---------- Input data ----------
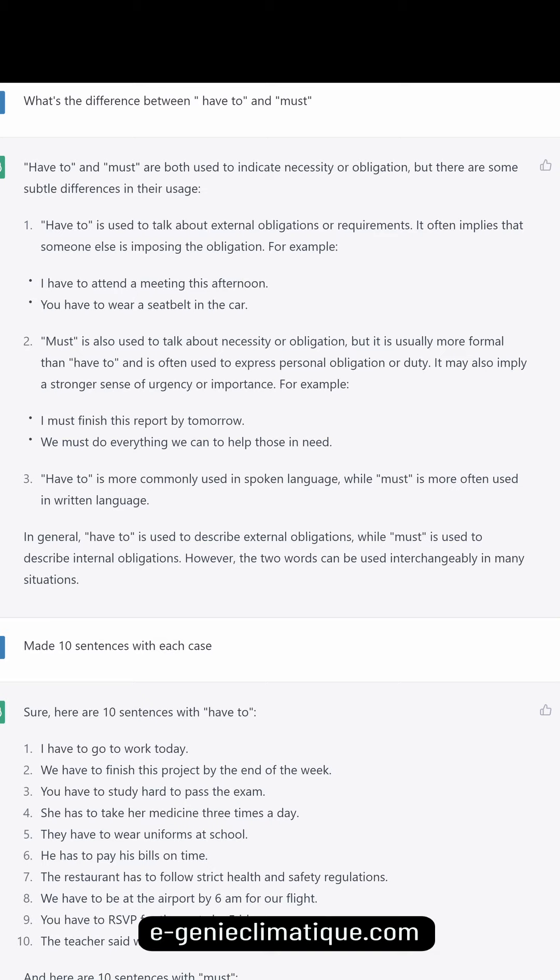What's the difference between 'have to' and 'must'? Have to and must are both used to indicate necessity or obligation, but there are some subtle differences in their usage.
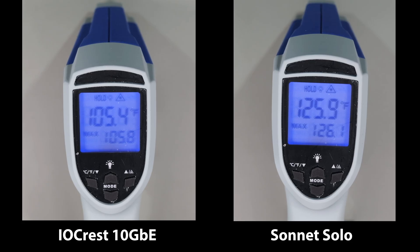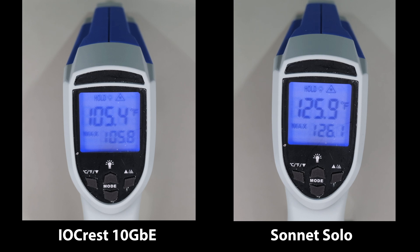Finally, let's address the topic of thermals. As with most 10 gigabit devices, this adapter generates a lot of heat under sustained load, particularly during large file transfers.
----------
---------- Input data ----------
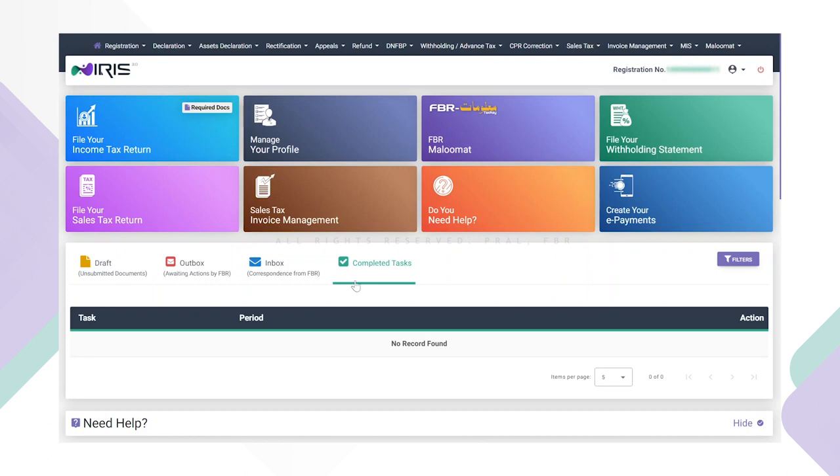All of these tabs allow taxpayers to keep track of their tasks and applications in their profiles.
----------
---------- Input data ----------
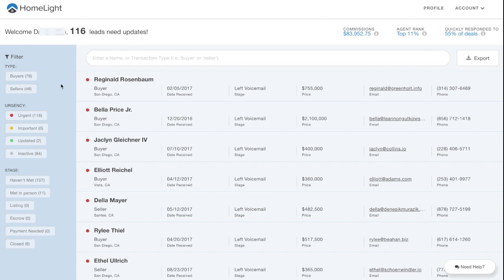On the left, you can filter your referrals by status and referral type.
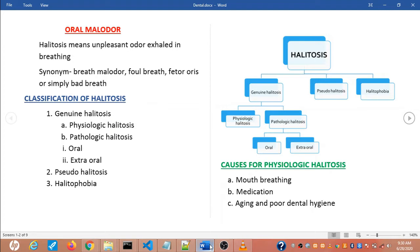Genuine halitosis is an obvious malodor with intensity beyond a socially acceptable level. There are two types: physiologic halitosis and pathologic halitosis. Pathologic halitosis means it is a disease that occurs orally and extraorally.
----------
Task objective: Print nothing but the lines above starting with the line that contains "What's the difference" and going on through the line that contains "Finally, let's address". Leave out the pictures.

Finished task:
What's the difference between 'have to' and 'must'? Have to and must are both used to indicate necessity or obligation, but there are some subtle differences in their usage.
Finally, let's address the topic of thermals. As with most 10 gigabit devices, this adapter generates a lot of heat under sustained load, particularly during large file transfers.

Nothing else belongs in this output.